However, the greatest loss was the denting of customer confidence in Toyota vehicles which saw reduced sales. The value of Toyota shares also slumped by over 15% during the entire period.
Causes of the recall: A case of failure in risk management
The massive recall of 9 million units of Toyota vehicles was caused by serious design flaws made in Toyota’s assembly plants. While the vehicles were of different designs, they shared common features such as an accelerator pedal and braking system. This should have been adequately foreseen by the company’s management as a substantial risk.
Additionally, the company failed to provide an override system in the recalled products leading to multiple recalls for the same products which further increased the company’s losses. The problems of unintended acceleration and inefficient braking system could have been solved through providing an alternative system but the company insisted on ‘cosmetic’ repairs rather than well-researched mechanical changes in design.
The managerial problems that led to Toyota’s huge loss and dented image are thus threefold. First, the company did not have a risk management plan to foresee this kind of situation.

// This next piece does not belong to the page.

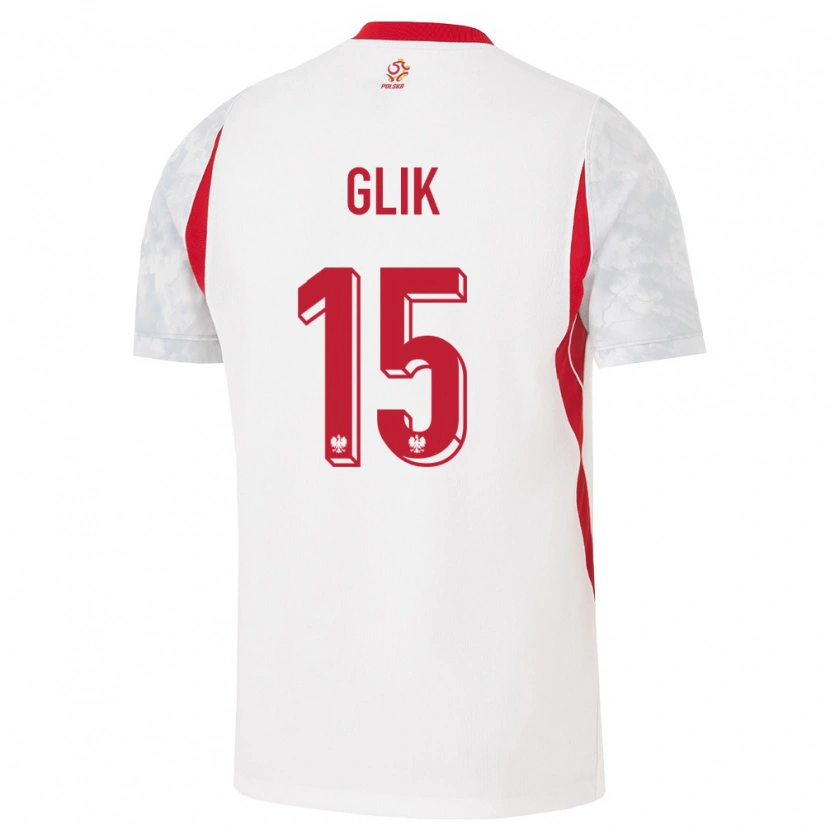 Danxen Niño Camiseta Polonia Kamil Glik #15 Blanco Rojo Gris 1ª Equipación 26-28 La Camisa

Secondly, the top managers went for cost cutting as the company’s priority instead of safety and quality and finally, the management failed to look for stopgap measures to end the problem immediately leading to frustrated customers and further losses.
Theories of organizational risk management failure
According to Stulz (2009), the occurrence of a huge loss in a company does not necessary indicate a failure in risk management or that a mistake was made. However, such a loss can be used as evidence of a failure in risk management in almost all circumstances.
While effective risk management is not a guarantee against failure, a good risk manager does his or her best to ensure that the people who determine the organization’s risk appetite, the top management, understand the risks, the probability of their occurrence and the magnitude of loss (Scott 2007).
According to Mullins (2007), the ultimate decision as to whether to take risk or avoid it lies with the senior management of the organization. It is not part of the risk manager’s mandate to decide which risks to ignore but he/she is tasked with establishing all the risks (Tompkins 2005) and presenting all the information gathered to the management to decide on the next course of action.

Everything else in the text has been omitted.